What differentiates Lenovo's server business compared to Cisco, Dell and HPE?

We have technologies built for workloads. For example, if you're deploying an SAP HANA installation … we have products that are optimized to run in those kind of big data environments. If you look at where does SAP deploy their SAP HANA, it's on Lenovo hardware. That's a pretty strong and compelling conversation for a customer who is thinking, 'I have to move into this in-memory SAP application. I have to look at HANA as a competitive opportunity for me to be better than my competitors. What am I going to run that on?' If you're a channel partner, we have a pretty compelling conversation.

What else can a server reseller bring to the table to win against the competition?

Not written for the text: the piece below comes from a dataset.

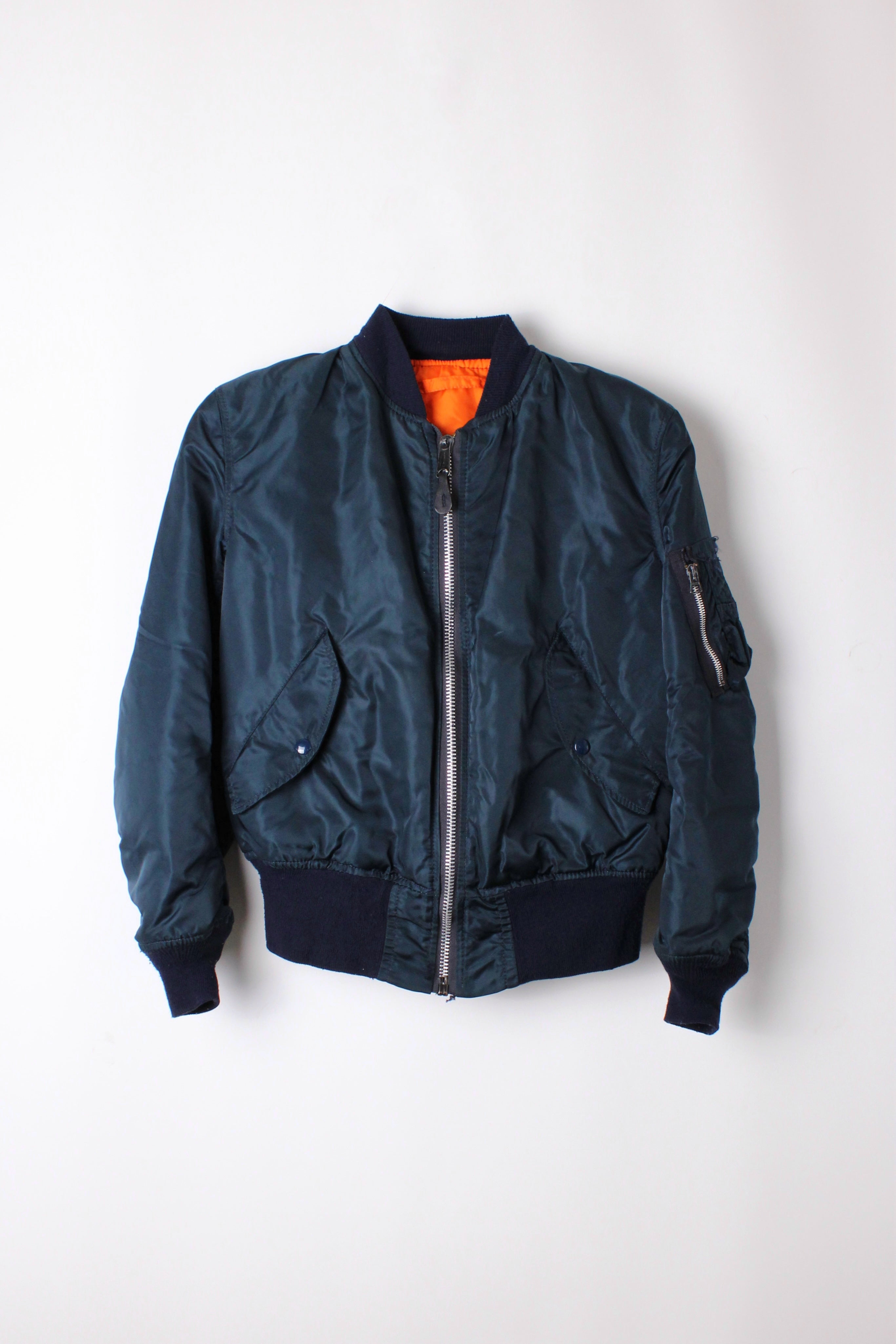ALPHA INDUSTRIES MA-1 BOMBER JACKET BLUE MADE IN USA - S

You can layer that server conversation all the way down through conversations around our vSAN ReadyNodes and other technologies that we work with alliance partners like Nutanix to build an appliance ready to hit the customers' needs and scale as they need it. As you look at the different outcomes and technologies, we're not just saying, 'Here's a really great x86 architecture and it's rock-solid,' but we're giving partners the ability to deliver the best business outcome with these various partnerships. That differentiates us in the marketplace.

Whether you're deploying Red Hat, Nutanix, or you're doing Microsoft Azure and looking for that hybrid cloud – we have that broad portfolio of solutions we bring to market.

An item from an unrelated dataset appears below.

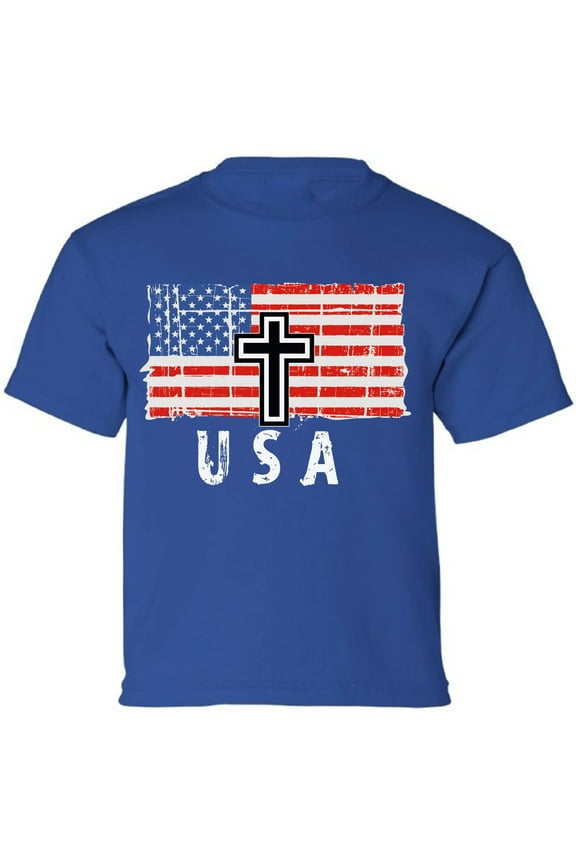 USA Shirts for Kids Boys Girls - 4th of July American Flag Cross Christian Tee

If I'm a channel partner, how can I be most profitable in 2018?

We're going to focus heavily on our much wider portfolio. In June, we launched a full portfolio of products. So we're going to spend time, effort and education on our partners and customers to make sure they know that Lenovo is not an x86 company -- we don’t just make compute. We make storage, networking, software – that full envelope, that wider ecosystem conversation will be prevalent in our conversations with our partners. For partners who haven’t yet seen the light and experienced the joy of being a Lenovo partner, they can see that, 'Hey, I got a full partnership and full data center vendor here that I can go to market with and capture some incremental revenue.'

What's another big channel push?

The other segment we're going to heavily focus on is SMB. We have teams both on the sales support side as well as on the technical side to support an SMB customer set. We're going to have a lot more promotions and a lot of our features are going to be focused around SMB. That's not to say we're offering lesser technology, but more pre-bundles, more pre-configurations, help them get to that reference architecture to quickly deploy in the SMB space still with that enterprise-level technology. We're really going to focus on that part of the marketplace.

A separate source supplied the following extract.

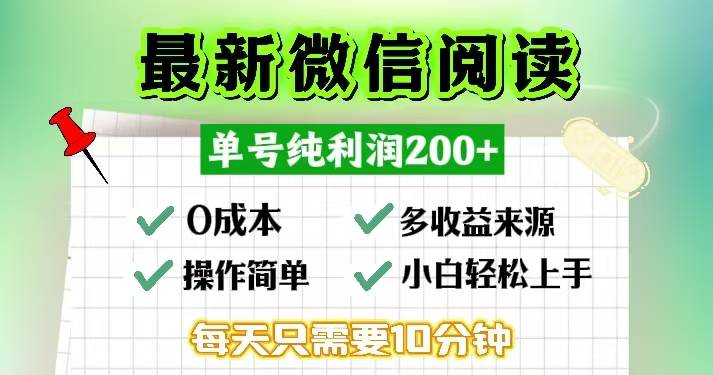 （13108期）微信阅读最新玩法，每天十分钟，单号一天200+，简单0零成本，当日提现-泰戈创艺资源库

What's the channel charge for 2018?

For our next fiscal year, the focus is on really leveraging the strong foundation we set up in 2017 and getting our channel set up, getting support for it, getting all the things in place where we need to be successful. We're going to build up on that base. The changes were based on the feedback from our partners. They told us, 'Hey you need to have certifications. You need to have some specialization. You need to have some stratification. You have to get your deal registration at a place that we feel good about.' So all these things we've been doing over the course of [2017] is starting to pay off in terms of engagement, revenues and we hope to really accelerate it now.